君がいるから


「すごい、治癒も出来るんですね。 それで怪我が一つもないんだ」

「俺の場合気休めだ。だが、俺も病み上がりで少しやばかったが、シェヌ爺に貰った即効性の薬で何とかな」

「病み上がり?」

「俺もお前と同じ葉の毒にやられた。両手がふさがっていて、気づいた時には既に肌は切れていた。お前を抱えて森を抜け出した後の事は、あまり覚えてはいないが。アディルの話だと、そのまま倒れたらしい」

 平然と流すようにさらりと言う王様。両の手を重ね握り締め、目を伏せる。

「ごめんなさい。私のせい……ですね」

「別に、お前のせいじゃないさ。謝る必要はない。避け切れなかったのは俺の責任だ」

 そう言われても原因は私にあると、再び謝罪を口にしようとした時、王様が剣を肩に担いだまま、もう片方の手を腰に当てた。

「ところで、お前はここで何故寝てた」

 唐突に問われた事に、目を瞬かせる。

「俺の横で寝てたのは何故だと聞いてるんだ。寝てたというより気を失っていたようだが」

「それは――」

 視線を伏せかけた時、王様が手に持っている剣が目に映り、人差し指で示す。

「その剣っ」

 腰を上げて王様の傍へと寄り、剣へ触れようと手を伸ばしかけたけれど、触れる寸前で手が止まった。

「この剣がどうかしたか」

「さっき、この剣に触れた時、ある空間に飛ばされて……そこで白い光に会ったんです」

「白い光? 何の話をしてるんだ」

 片眉を寄せ、話の内容が見えないと首を傾げて私を見る瞳。

「剣を降ろして……もらってもいいですか」

 王様に問いかけると、何も言わず剣を降ろしてくれて、床にキンッと剣先が当たり音を立てた。間近で剣を目にして、息を呑み込む。

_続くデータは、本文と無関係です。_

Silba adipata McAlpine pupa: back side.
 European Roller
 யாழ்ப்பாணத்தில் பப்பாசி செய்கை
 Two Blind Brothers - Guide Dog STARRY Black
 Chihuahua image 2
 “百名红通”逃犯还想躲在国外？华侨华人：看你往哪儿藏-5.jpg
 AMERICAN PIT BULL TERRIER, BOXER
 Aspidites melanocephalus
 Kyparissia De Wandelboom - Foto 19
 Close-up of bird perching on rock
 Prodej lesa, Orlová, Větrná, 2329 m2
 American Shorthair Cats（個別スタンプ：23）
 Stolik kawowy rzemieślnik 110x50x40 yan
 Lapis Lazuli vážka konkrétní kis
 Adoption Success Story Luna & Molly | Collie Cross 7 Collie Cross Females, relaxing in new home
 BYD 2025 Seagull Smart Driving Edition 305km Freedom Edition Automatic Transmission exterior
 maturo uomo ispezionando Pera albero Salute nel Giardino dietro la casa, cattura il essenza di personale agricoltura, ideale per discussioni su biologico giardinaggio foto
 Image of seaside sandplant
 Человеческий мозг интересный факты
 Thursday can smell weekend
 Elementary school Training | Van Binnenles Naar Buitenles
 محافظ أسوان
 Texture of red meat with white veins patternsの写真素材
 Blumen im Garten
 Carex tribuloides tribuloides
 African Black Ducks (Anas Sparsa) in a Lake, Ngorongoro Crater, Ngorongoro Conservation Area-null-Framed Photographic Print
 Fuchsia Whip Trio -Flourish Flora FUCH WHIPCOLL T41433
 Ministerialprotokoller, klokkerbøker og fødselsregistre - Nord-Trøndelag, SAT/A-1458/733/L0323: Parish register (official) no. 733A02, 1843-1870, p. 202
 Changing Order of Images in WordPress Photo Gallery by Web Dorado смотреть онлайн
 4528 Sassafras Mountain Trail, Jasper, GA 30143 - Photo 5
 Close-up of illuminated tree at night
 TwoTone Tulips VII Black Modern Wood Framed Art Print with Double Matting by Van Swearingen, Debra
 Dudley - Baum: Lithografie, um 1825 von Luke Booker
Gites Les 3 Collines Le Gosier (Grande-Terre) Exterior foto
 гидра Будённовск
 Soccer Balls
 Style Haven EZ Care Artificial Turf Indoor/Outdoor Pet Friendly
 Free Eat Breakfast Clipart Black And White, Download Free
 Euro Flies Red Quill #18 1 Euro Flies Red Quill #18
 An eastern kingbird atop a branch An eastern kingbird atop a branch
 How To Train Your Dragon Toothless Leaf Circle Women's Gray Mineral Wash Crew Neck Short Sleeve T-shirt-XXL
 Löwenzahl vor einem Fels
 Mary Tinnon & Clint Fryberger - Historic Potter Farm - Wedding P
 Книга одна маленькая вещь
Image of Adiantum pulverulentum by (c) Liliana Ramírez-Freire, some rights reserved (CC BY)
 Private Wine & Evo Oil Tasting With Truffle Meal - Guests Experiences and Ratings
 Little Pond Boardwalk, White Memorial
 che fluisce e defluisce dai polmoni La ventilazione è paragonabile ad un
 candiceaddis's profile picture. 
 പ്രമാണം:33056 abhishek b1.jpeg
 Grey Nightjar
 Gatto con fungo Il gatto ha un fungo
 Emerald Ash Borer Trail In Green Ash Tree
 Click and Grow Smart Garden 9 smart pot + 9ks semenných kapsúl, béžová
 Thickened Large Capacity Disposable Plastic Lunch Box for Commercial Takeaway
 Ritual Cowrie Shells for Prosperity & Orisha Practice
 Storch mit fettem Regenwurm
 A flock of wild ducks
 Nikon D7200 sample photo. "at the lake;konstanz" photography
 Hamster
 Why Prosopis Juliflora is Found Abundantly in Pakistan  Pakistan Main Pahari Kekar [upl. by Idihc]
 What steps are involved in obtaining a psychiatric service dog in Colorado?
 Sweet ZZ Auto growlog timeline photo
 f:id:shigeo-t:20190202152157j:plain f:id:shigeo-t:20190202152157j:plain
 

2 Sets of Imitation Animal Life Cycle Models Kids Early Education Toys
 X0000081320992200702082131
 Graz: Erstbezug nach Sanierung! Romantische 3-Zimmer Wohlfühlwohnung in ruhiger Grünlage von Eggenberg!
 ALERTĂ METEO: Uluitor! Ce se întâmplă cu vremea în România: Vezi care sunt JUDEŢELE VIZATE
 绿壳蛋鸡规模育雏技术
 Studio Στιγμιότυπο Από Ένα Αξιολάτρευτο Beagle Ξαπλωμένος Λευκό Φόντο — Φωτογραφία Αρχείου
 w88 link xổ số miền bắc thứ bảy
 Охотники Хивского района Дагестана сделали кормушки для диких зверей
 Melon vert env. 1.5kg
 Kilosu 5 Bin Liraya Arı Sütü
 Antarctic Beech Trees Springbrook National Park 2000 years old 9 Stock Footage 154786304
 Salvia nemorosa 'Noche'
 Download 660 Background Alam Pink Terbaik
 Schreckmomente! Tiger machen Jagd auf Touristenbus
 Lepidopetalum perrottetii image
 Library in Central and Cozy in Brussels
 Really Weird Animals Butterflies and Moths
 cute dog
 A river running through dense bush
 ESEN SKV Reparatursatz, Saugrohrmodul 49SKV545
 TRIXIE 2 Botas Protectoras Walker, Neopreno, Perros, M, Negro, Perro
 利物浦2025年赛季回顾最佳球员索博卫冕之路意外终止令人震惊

「また、あの光に会う。そしたら……この世界に来た意味がきっと分かる」

「おいっ説明しろ。話がまったく見えない」

 剣を見据えたまま、おもむろに口を開く。

「紅の月が重なりし時、古―過ぎ去りし時間(とき)辿る運命へと汝を誘(いざな)うであろう」

「……何だそれ」

「白い光の声に意識を失う前、そう言われました」

 真っ直ぐ目前の剣に視線を注ぎ、唇を一文字に結ぶ。

「これにもう一度触れば、もしかしたら元の世界に帰れる方法が分かるかもしれない」

 いつの間にか、剣から遠ざかっていた指輪をしている左手を伸ばす。下ろしている右の拳に力を入れた。爪が掌に食い込むような強さで――。